And when Inger finally yielded to it, she remained true to herself and to her real nature, which was dominated above all by her concern for others, by her love for others.
I think we can most truly describe her as we all thought of her, as we remember her, if we recall the words of the great apostle, Paul: “Though I speak with the tongues of men and of angels, and have not love, I am become as sounding brass, or a tinkling cymbal.”
We remember her, we, and all who knew her, all those whose paths of life touched hers – We remember her as one who “had love.” Hers Was the precious gift of love. Her whole life was spent in the service of others. Even in her last act she gave testimony to her love. She feared that the sickness of her mind would grow worse, not better. She feared a greater evil, a greater calamity, for her family; and she wanted to choose for them the lesser evil. That is the real meaning of her last act of renunciation and sacrifice.

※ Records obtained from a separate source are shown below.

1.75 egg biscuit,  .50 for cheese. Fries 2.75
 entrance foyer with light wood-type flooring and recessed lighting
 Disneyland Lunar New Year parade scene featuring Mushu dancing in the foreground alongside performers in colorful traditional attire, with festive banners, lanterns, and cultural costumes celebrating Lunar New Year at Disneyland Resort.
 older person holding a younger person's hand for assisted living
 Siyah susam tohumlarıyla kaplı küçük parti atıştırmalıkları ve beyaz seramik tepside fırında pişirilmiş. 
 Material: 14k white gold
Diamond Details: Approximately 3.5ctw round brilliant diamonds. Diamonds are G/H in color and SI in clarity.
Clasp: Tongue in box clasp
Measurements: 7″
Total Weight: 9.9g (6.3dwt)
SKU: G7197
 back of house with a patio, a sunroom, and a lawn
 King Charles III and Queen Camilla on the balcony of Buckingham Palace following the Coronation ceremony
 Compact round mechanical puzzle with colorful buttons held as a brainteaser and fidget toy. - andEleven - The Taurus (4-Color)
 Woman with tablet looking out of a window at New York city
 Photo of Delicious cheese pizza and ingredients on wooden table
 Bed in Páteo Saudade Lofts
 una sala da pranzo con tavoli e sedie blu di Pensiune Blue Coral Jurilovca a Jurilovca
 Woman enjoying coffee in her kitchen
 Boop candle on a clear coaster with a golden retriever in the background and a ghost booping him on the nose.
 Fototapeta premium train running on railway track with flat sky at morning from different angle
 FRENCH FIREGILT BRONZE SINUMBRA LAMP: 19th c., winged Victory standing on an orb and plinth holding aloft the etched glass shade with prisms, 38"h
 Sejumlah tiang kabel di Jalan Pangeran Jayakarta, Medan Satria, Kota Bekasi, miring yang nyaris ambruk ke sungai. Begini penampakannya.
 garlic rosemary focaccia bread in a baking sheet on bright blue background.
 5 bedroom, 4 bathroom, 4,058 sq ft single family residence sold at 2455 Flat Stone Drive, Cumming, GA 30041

If we remember her that way we Will remember her truly as she really was. And we will speak the truth if we say that her last action in taking her own life was no sin, but on the contrary, a final demonstration of the basic principle of her life, of her love and concern for others.
It is not for us to enquire into the wisdom of her act, or to judge, or to criticize. It is only for us to try to understand. It is for us only, as we stand here with the grief-stricken family of this blameless woman, the blameless husband, and the blameless son and the grieving sister – it is only for us to say to them that we, their friends and comrades, do understand. We stand here with our arms around them in sympathy and solidarity. And we entreat them: Dear friends, do not refuse to be comforted. Be rather comforted and consoled by the memory of all that Inger gave to you to all of us. We are all better for that, and our lives are brighter.
But even here, as we say farewell to Inger, we must not forget our duty. We must not forget that we are soldiers in the war for the liberation of humanity. We must remember, too, that Inger in her own way, in her own fashion, was also a soldier of the revolution. For that her grave, as the poet Heine said, should be marked not with a cross but with a sword. We must all try to do a little more now to make up for her loss and to honor her memory.
The strongest warrant for living is the sense of being needed. The world needs us; the party needs us. I venture to remind the stricken husband of this dear woman; I venture to remind him that for the old guard of the party, to which he and she both belong, duty is the first commandment. And when duty calls, even though they have been knocked to the earth and have to crawl on their hands and knees, the old guard will answer and obey.
We who have this philosophy dare to end even a funeral service on a martial note. We will say farewell now to this dear child who blessed out lives with her love. And then we will rise, all of us together, rise from the ashes of grief to go back to work, back to the battle.